Try it
The finished copy must match the records exactly, except that it contains no pictures.

___ Records for the exercise ___

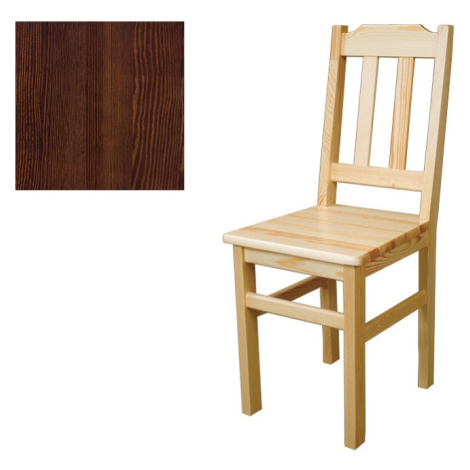 Jídelní židle SULPHUR, masiv borovice/moření ořech Drewmax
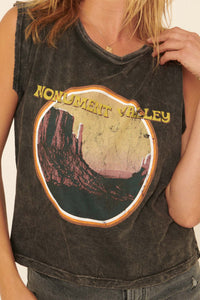 Monument Valley Sleeveless Graphic Tee - ShopPromesa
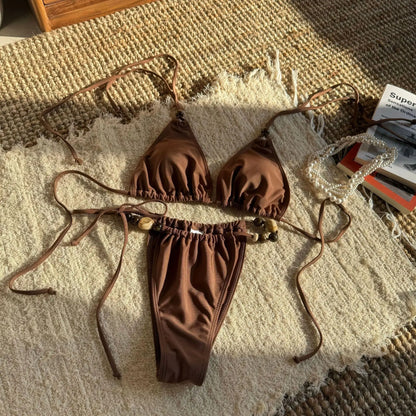 Vielseitiges Damen-Bikini-Set in 10 Farben – Sexy Bademode für Strand und Pool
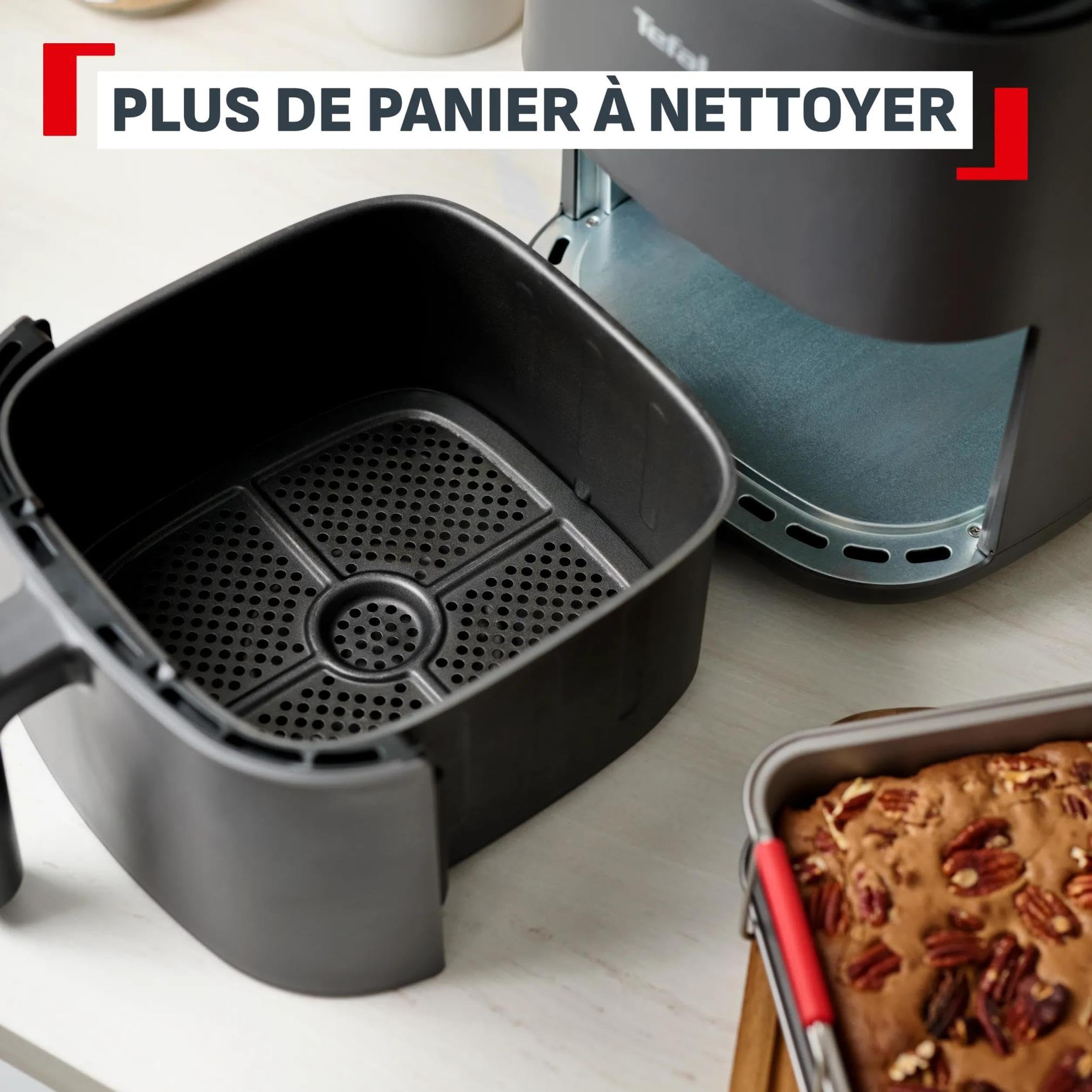 Tefal Dail’Easy, Kit de 6 accessoires de cuisson pour air fryer, Poignées ergonomiques, 5 moules, Revêtement antiadhésif, J701S644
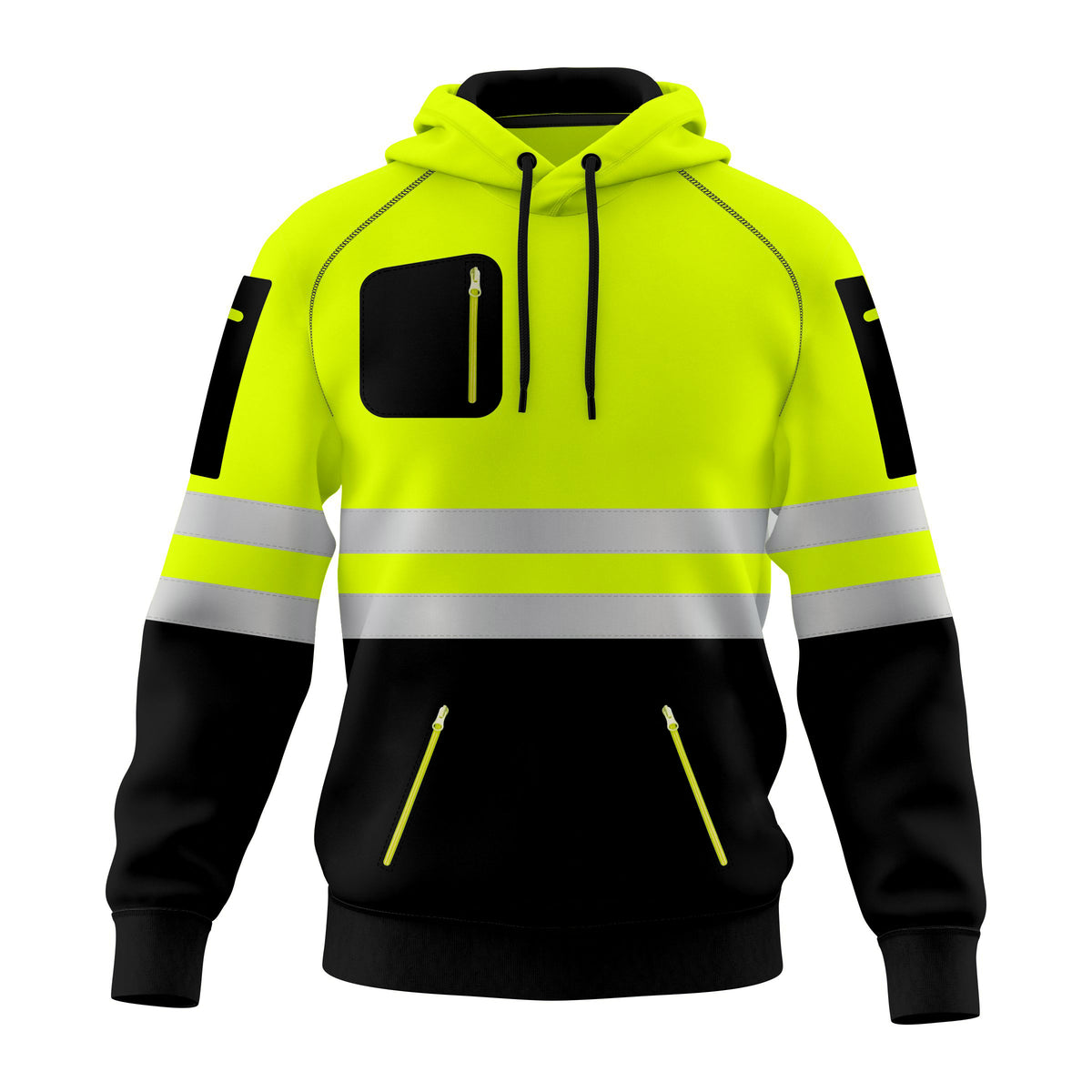Toro Activa 0003 HiVis Pullover Hoodie Yellow Top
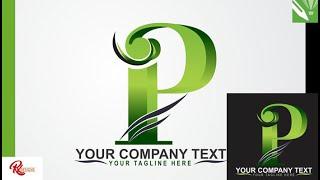 Letter P Logo Design in CorelDraw X7 Tutorial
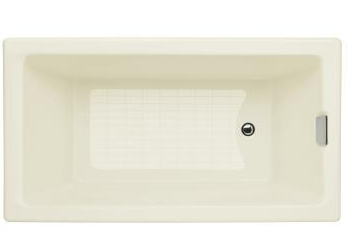 Kohler K-855-96 Tea-For-Two 5.5 Foot Bath - Biscuit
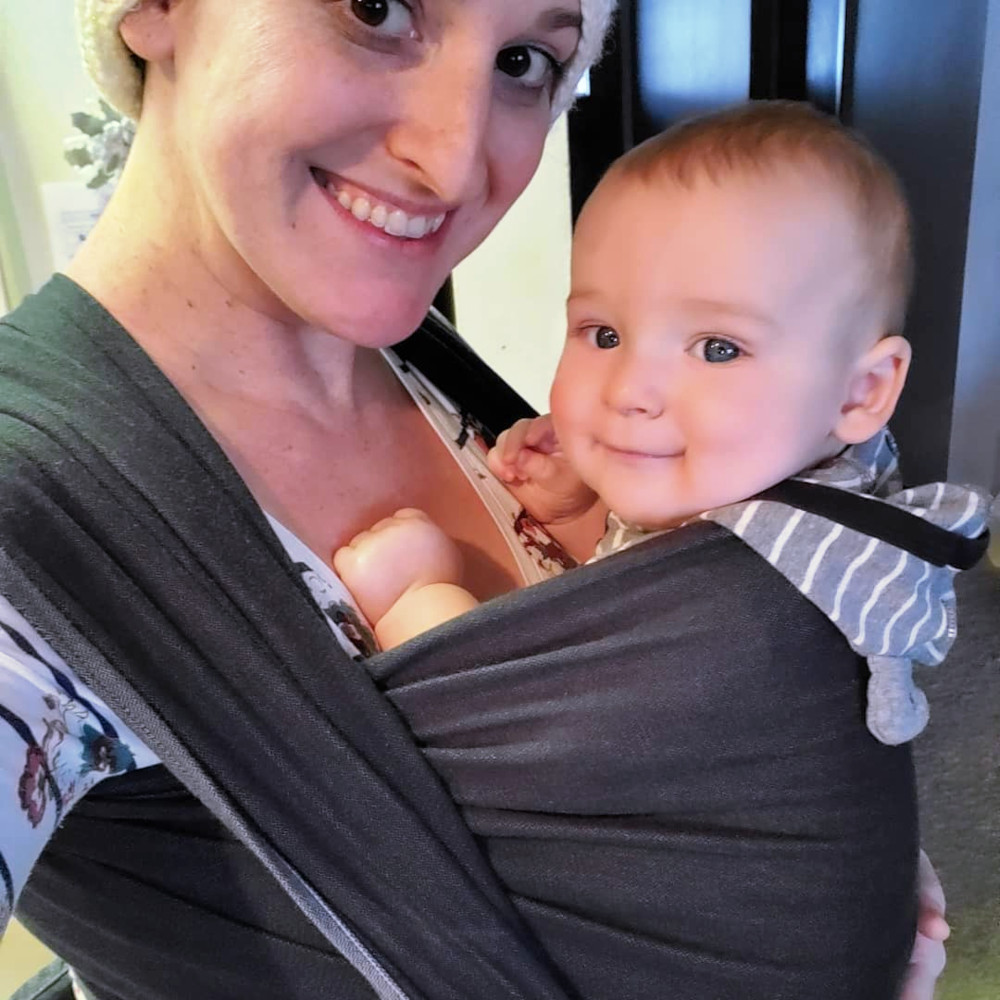 Didymos Tragetuch anthrazit Doubleface 470cm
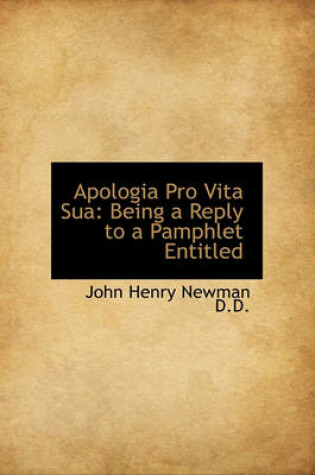 Cover of Apologia Pro Vita Sua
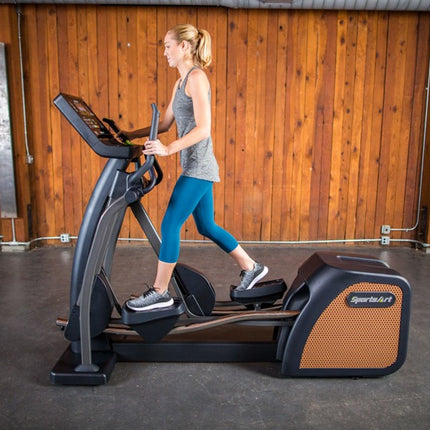 SportsArt E876 Status Eco Natural Elliptical | 10-6862 - Play and Sync
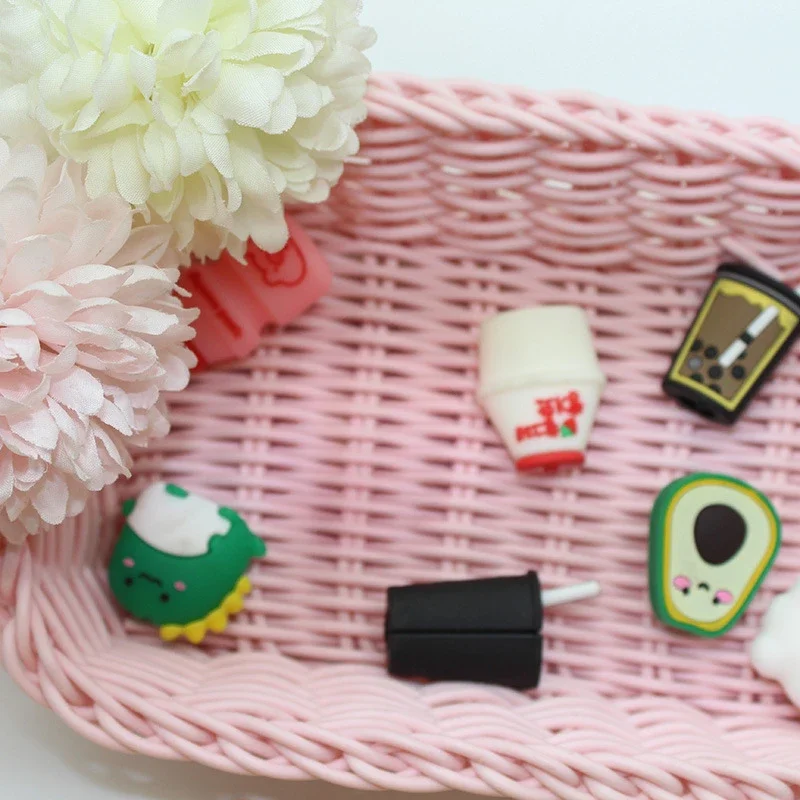 Cute Cartoon Cable Protector Wire Organizer Winder Saver For USB Charging Cable Data Line Earphones Cord Protector Cover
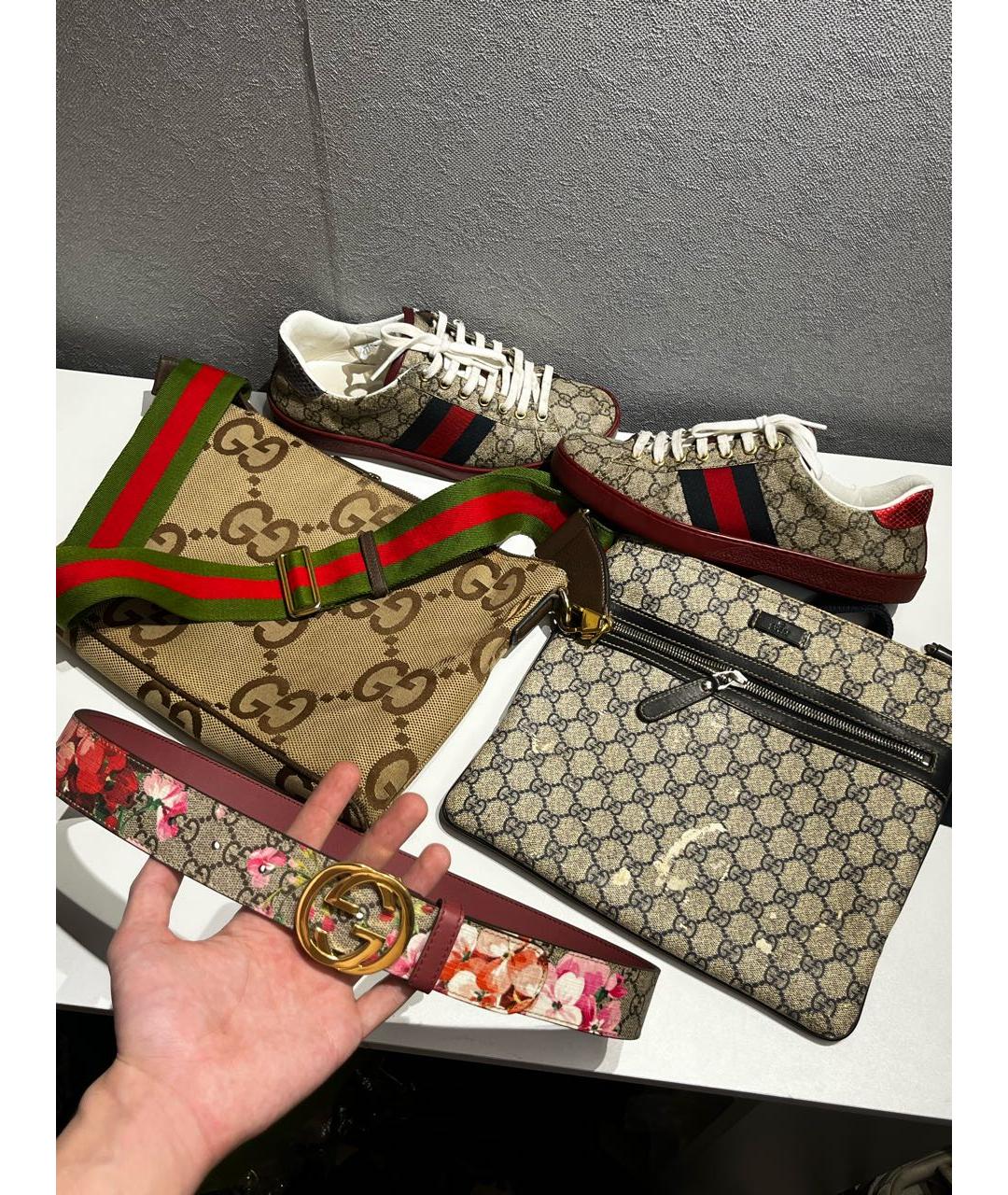 GUCCI Мульти кожаный ремень, фото 6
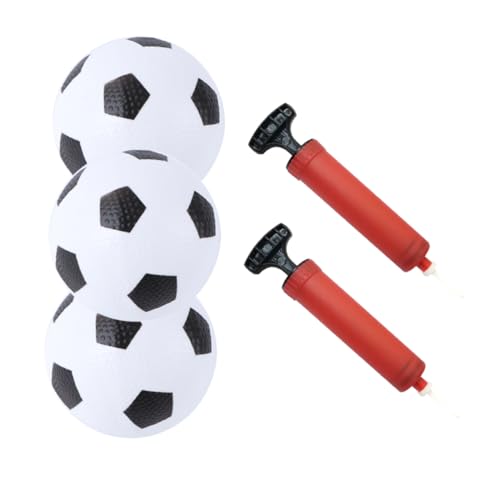 ibasenice 1 Satz Kleiner Fußball Aufblasbares Fußballspielzeug Mini-fußball Outdoor-fußballspielzeug Pädagogischer Kinderfußball Kinderbälle Indoor-fußball- PVC von ibasenice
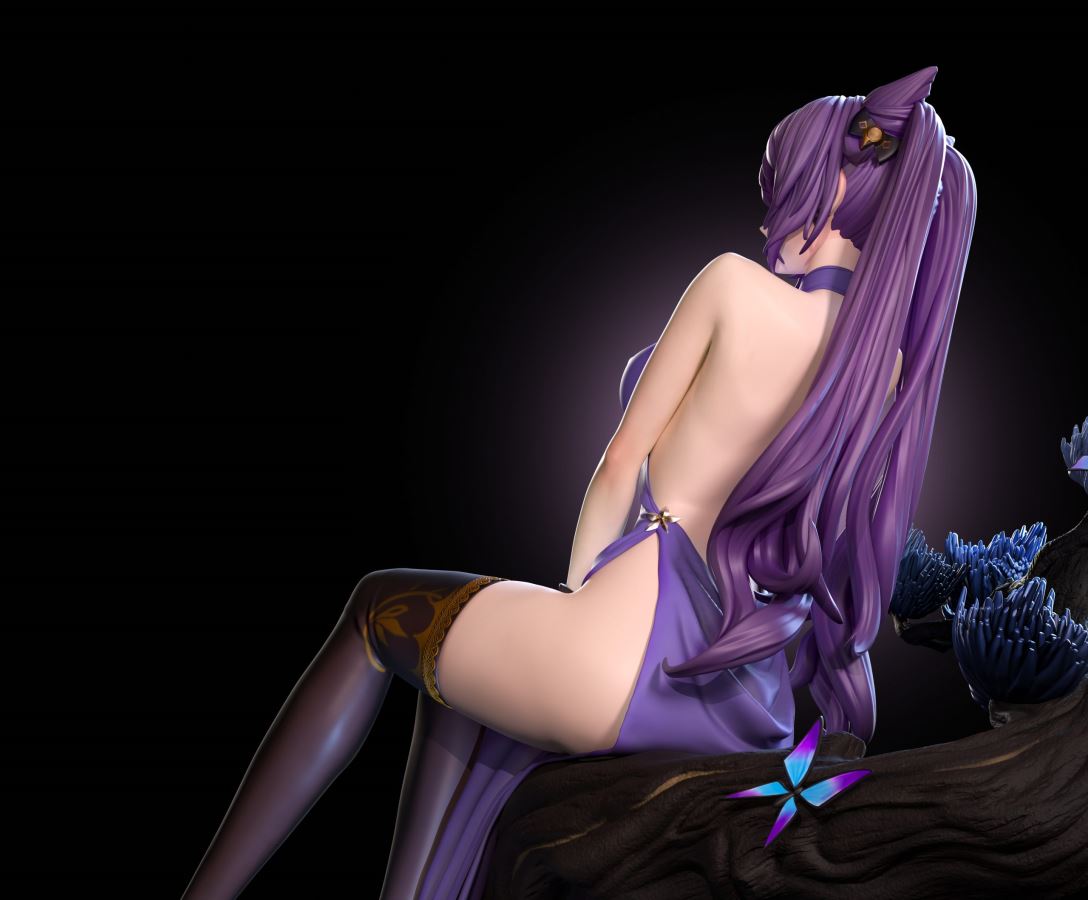 Keqing Sitting version - Genshin Impact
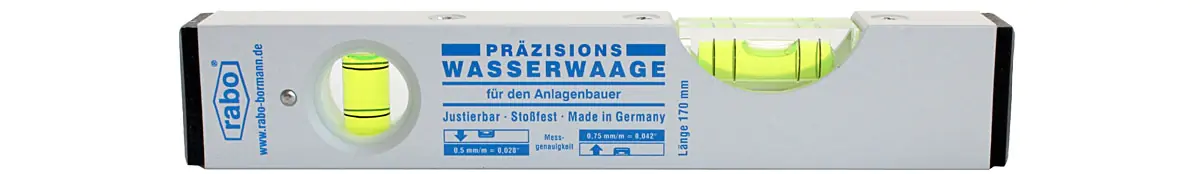 Niveau à Bulle en Aluminium de Précision 170mm RABO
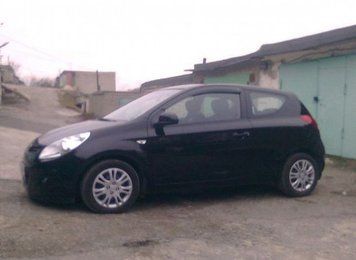Дефлекторы окон ветровики для Hyundai i20 3d хечбек 2009- H22209 фото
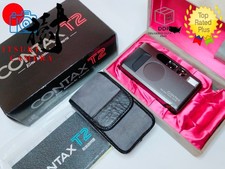 Top Mint Contax T2 Titan Black 35mm Film Came...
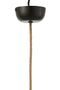 J-Line hanglantaarn Cilinder - metaal/polyester - beige - small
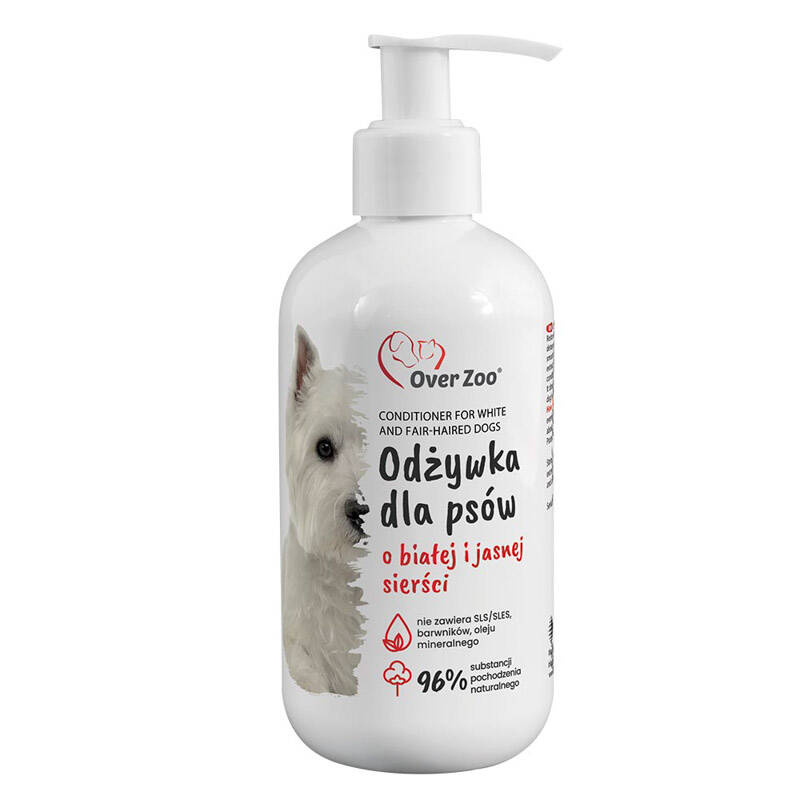 Over Zoo Odżywka dla psów o białej i jasnej sierści 240 ml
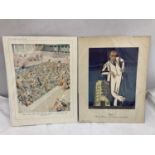 TWO 1930'S PUNCH CARTOONS ON CARD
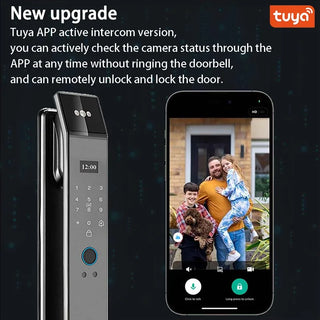 Camera Intercom Automatic Digital Door Lock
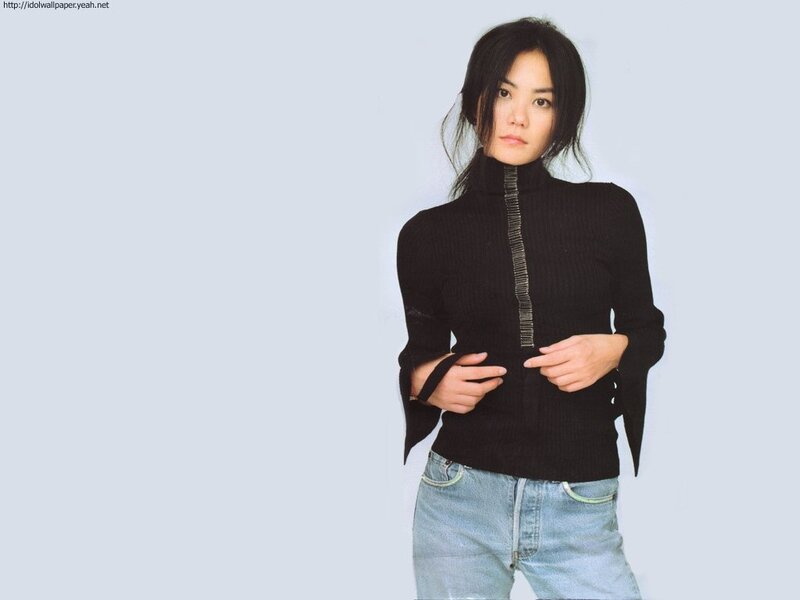 woman in black sweater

___

Answer section
 Jídelní židle SULPHUR, masiv borovice/moření ořech Drewmax
 Monument Valley Sleeveless Graphic Tee - ShopPromesa
 Vielseitiges Damen-Bikini-Set in 10 Farben – Sexy Bademode für Strand und Pool
 Tefal Dail’Easy, Kit de 6 accessoires de cuisson pour air fryer, Poignées ergonomiques, 5 moules, Revêtement antiadhésif, J701S644
Toro Activa 0003 HiVis Pullover Hoodie Yellow Top
 Letter P Logo Design in CorelDraw X7 Tutorial
 Kohler K-855-96 Tea-For-Two 5.5 Foot Bath - Biscuit
 Didymos Tragetuch anthrazit Doubleface 470cm
 Cover of Apologia Pro Vita Sua
 SportsArt E876 Status Eco Natural Elliptical | 10-6862 - Play and Sync
 Cute Cartoon Cable Protector Wire Organizer Winder Saver For USB Charging Cable Data Line Earphones Cord Protector Cover
 GUCCI Мульти кожаный ремень, фото 6
 ibasenice 1 Satz Kleiner Fußball Aufblasbares Fußballspielzeug Mini-fußball Outdoor-fußballspielzeug Pädagogischer Kinderfußball Kinderbälle Indoor-fußball- PVC von ibasenice
 Keqing Sitting version - Genshin Impact
 Niveau à Bulle en Aluminium de Précision 170mm RABO
Дефлекторы окон ветровики для Hyundai i20 3d хечбек 2009- H22209 фото
 Top Mint Contax T2 Titan Black 35mm Film Came...
 J-Line hanglantaarn Cilinder - metaal/polyester - beige - small
 Over Zoo Odżywka dla psów o białej i jasnej sierści 240 ml
 TWO 1930'S PUNCH CARTOONS ON CARD
 Camera Intercom Automatic Digital Door Lock
 woman in black sweater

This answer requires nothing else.